You may need to move the book back and forth a little. Try to notice when the black circle reappears as you increase the distance, then move the book closer again to hide the circle totally. It's important you keep your right eye fixed on the cross, as the blind spot is at a fixed position from the center of vision and you need to keep it still to find it.

Now that you've found your blind spot, use Jeffrey Oristaglio and Paul Grobstein's Java applet at the web site Serendip (http://serendip.brynmawr.edu/bb/blindspot; Java) to plot its size.

The applet shows a cross and circle, so, as before, close your left eye, fix your gaze on the cross, and move your head so that the circle disappears in your blind spot. Then click the Start button (at the bottom of the applet) and move your cursor around within the blind spot. While it's in there, you won't be able to see it, but when you can (only just), click, and a dot will appear. Do this a few times, moving the cursor in different directions starting from the circle each time.

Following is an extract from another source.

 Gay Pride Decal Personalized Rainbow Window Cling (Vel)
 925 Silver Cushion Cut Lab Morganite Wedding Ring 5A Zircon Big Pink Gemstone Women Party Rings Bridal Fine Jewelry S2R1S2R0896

Again, be careful not to move your head, and keep focused on the cross. You'll end up with a pattern like Figure 2-7. The area inside the ring of dots is your blind spot.

Figure 2-7. Matt's blind spot mapped

 

Here's a fun way of playing with your blind spot. In a room of people, close one eye and focus on your index finger. Pick a victim and adjust where your finger is until your blind spot makes his head disappear and the background takes its place. Not very profitable, but fun, and not as obvious as making as if to crush his head between your thumb and index finger.

T.S.

How It Works

The blind spot for each eye corresponds to a patch on the retina that is empty of photoreceptors. With no photoreceptors, there's nothing to detect light and turn it into information for use by the visual system, hence the blind spot.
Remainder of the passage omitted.